WHAT IS REQUIRED:
Your copy should hold only the lines from the one holding "Pasaraya-CS-Baby-Fair-Promotion-4-350x495 - Baby" through the last line of the records below, both included, each exact and with no pictures.

======== EXTRACTED DATA

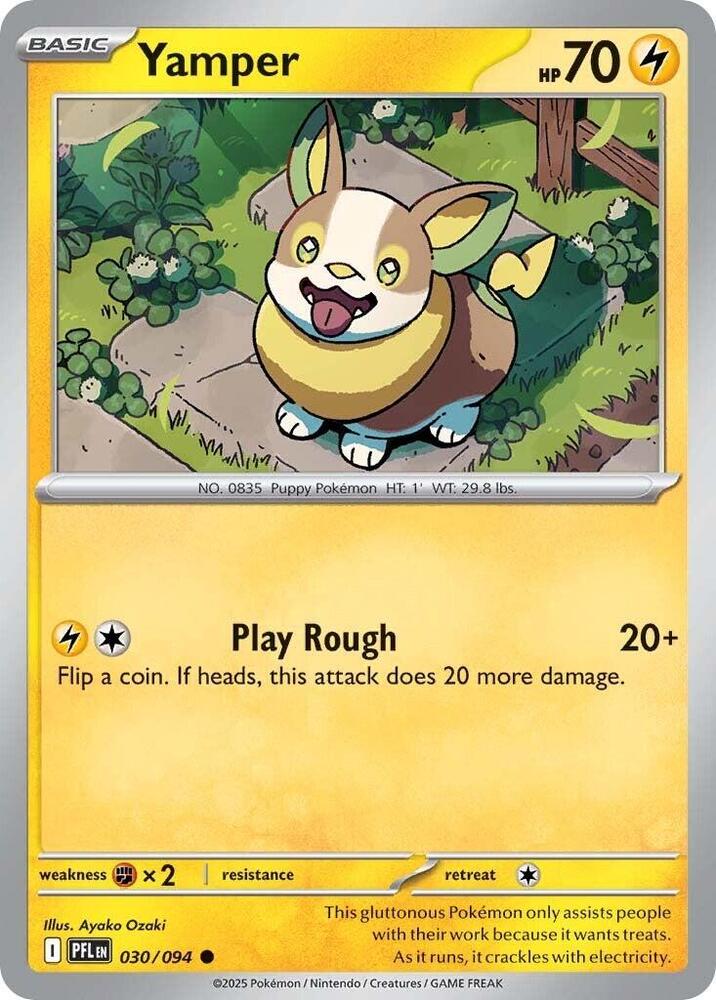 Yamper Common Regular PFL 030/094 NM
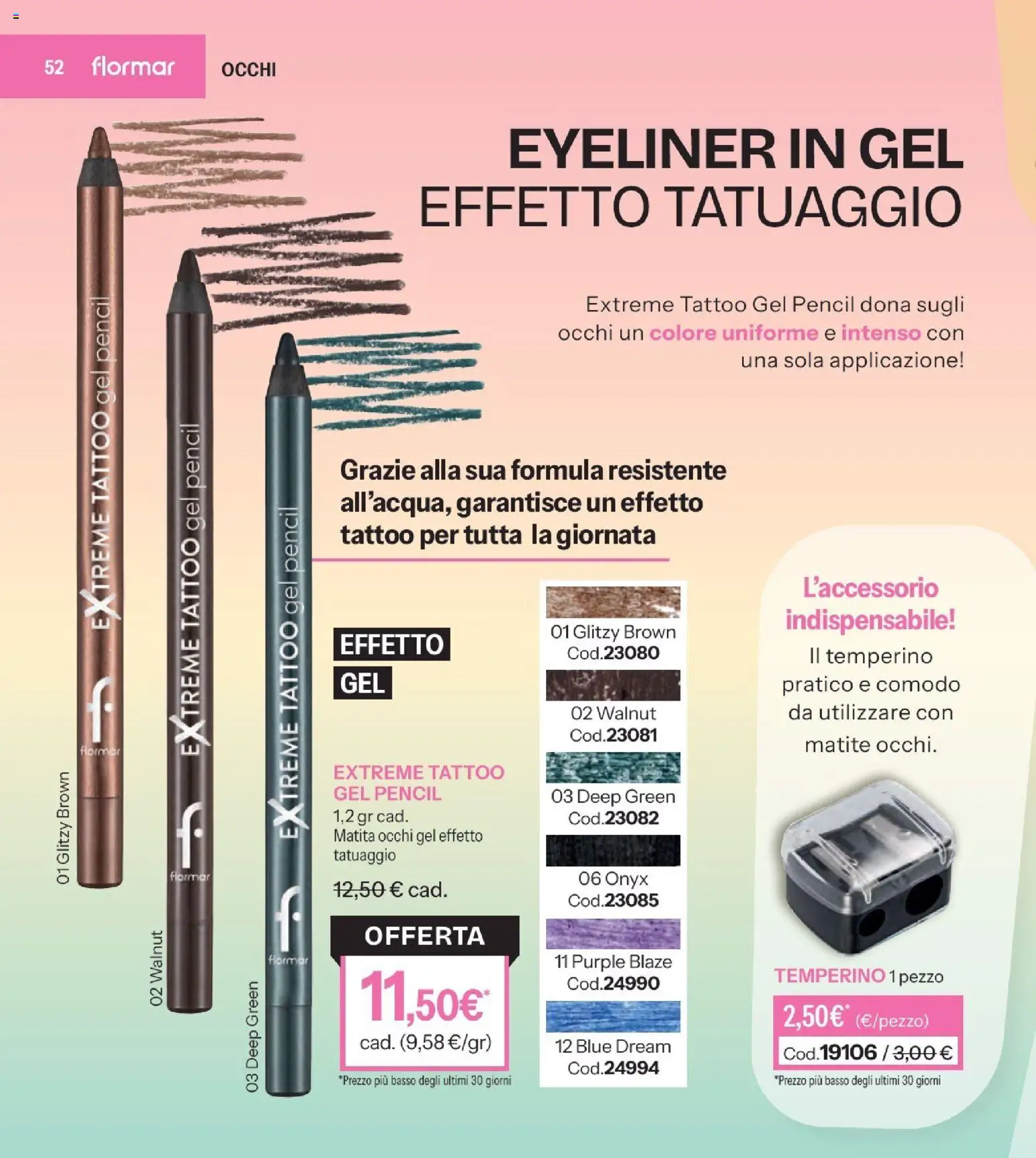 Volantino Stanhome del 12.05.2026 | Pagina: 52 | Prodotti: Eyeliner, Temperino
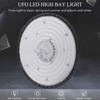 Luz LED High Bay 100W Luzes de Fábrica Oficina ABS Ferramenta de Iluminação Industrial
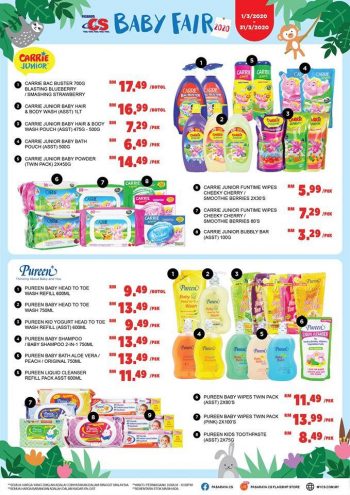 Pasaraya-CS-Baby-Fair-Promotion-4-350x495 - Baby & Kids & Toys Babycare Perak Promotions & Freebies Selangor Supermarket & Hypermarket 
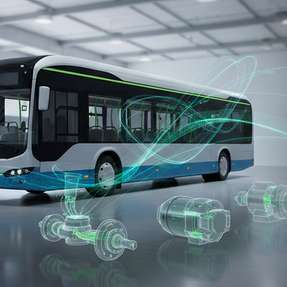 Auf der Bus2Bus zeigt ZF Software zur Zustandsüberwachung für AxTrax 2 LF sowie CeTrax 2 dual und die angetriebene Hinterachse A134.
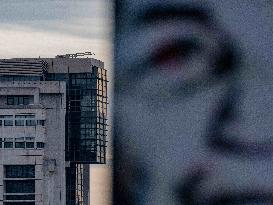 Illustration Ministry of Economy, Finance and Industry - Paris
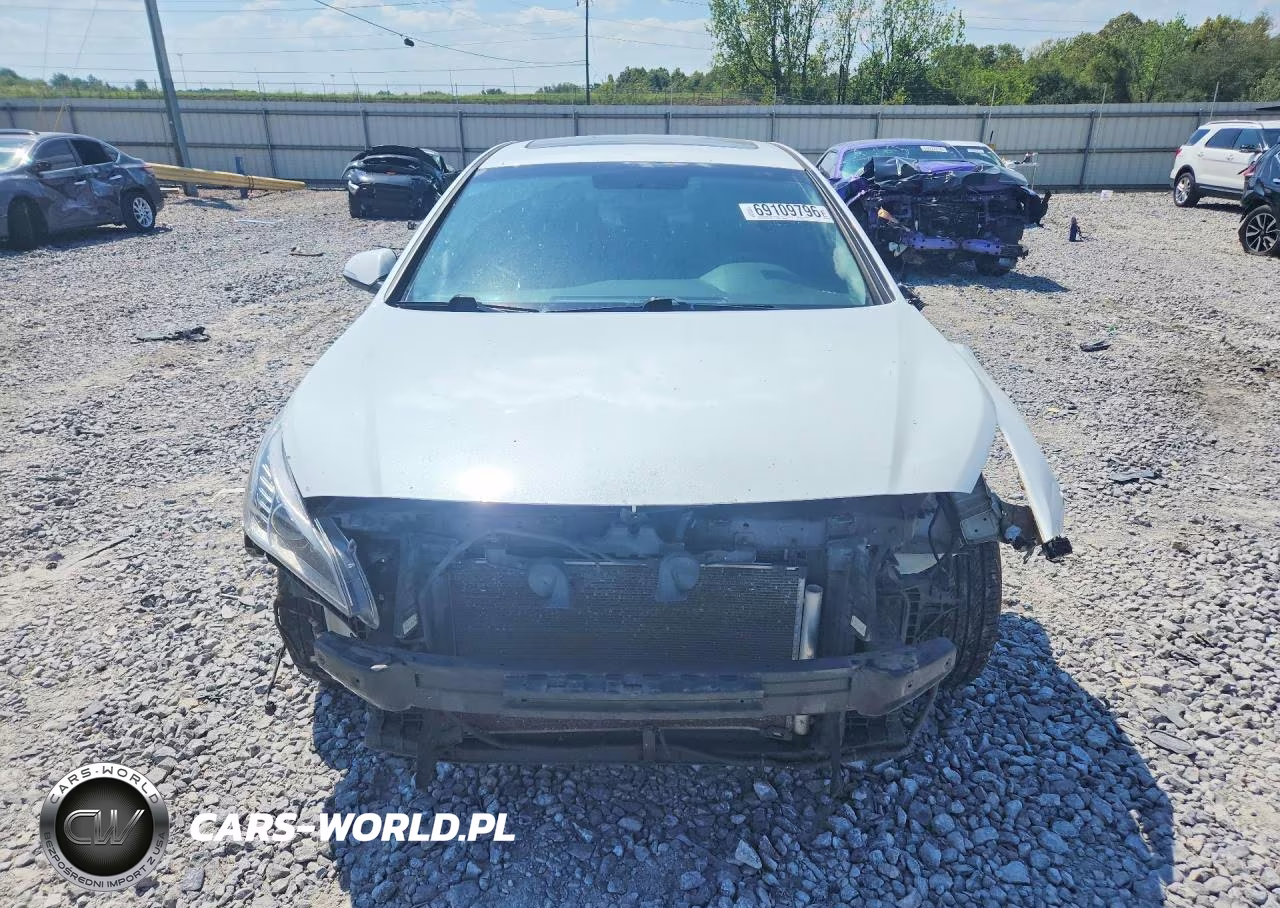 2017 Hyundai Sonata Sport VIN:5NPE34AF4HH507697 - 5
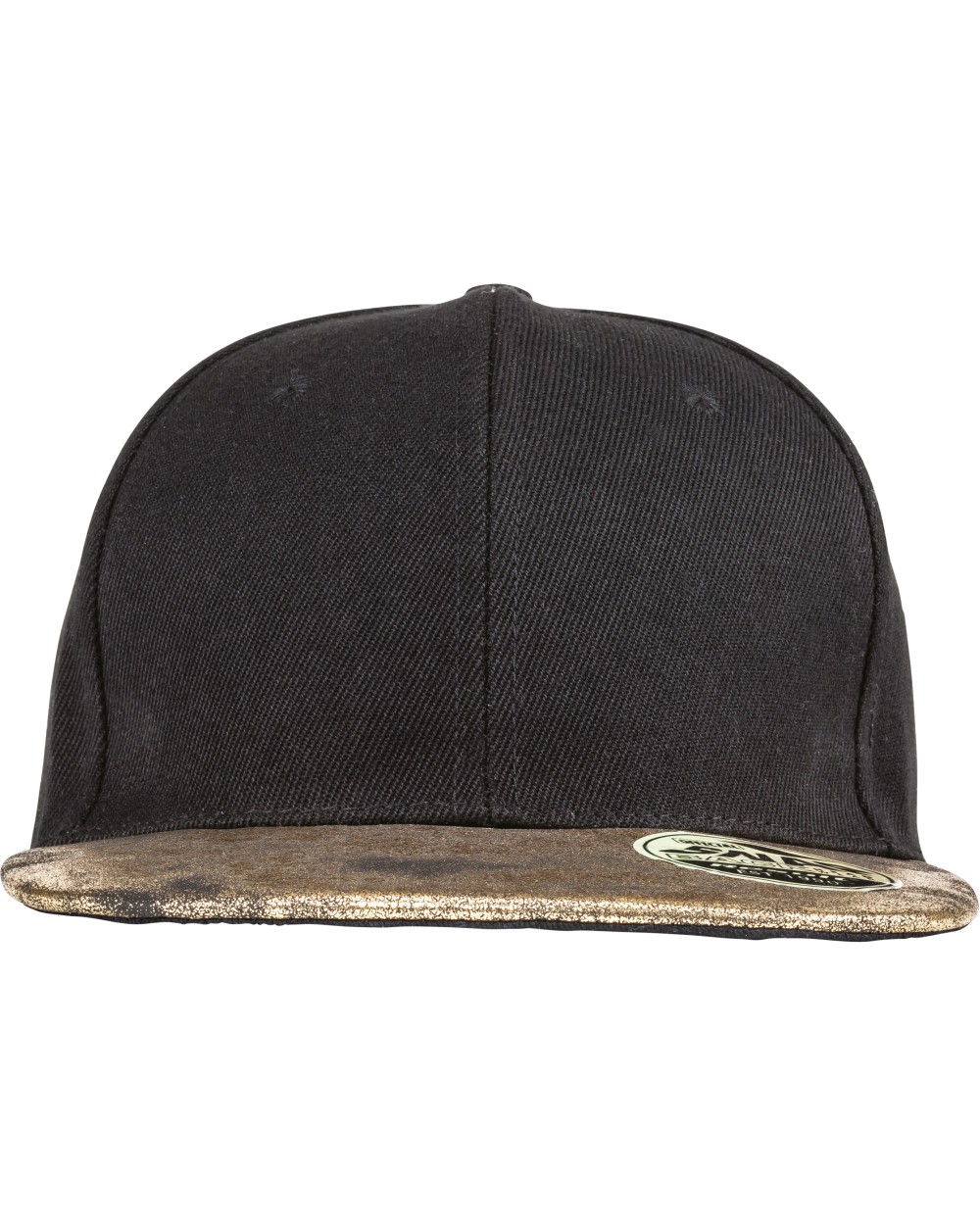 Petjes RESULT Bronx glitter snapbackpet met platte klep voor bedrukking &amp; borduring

================

SOLUTION FOR THIS TASK:
 Pasaraya-CS-Baby-Fair-Promotion-4-350x495 - Baby & Kids & Toys Babycare Perak Promotions & Freebies Selangor Supermarket & Hypermarket 
 Auf der Bus2Bus zeigt ZF Software zur Zustandsüberwachung für AxTrax 2 LF sowie CeTrax 2 dual und die angetriebene Hinterachse A134.
 Illustration Ministry of Economy, Finance and Industry - Paris
 2017 Hyundai Sonata Sport VIN:5NPE34AF4HH507697 - 5
 Petjes RESULT Bronx glitter snapbackpet met platte klep voor bedrukking &amp; borduring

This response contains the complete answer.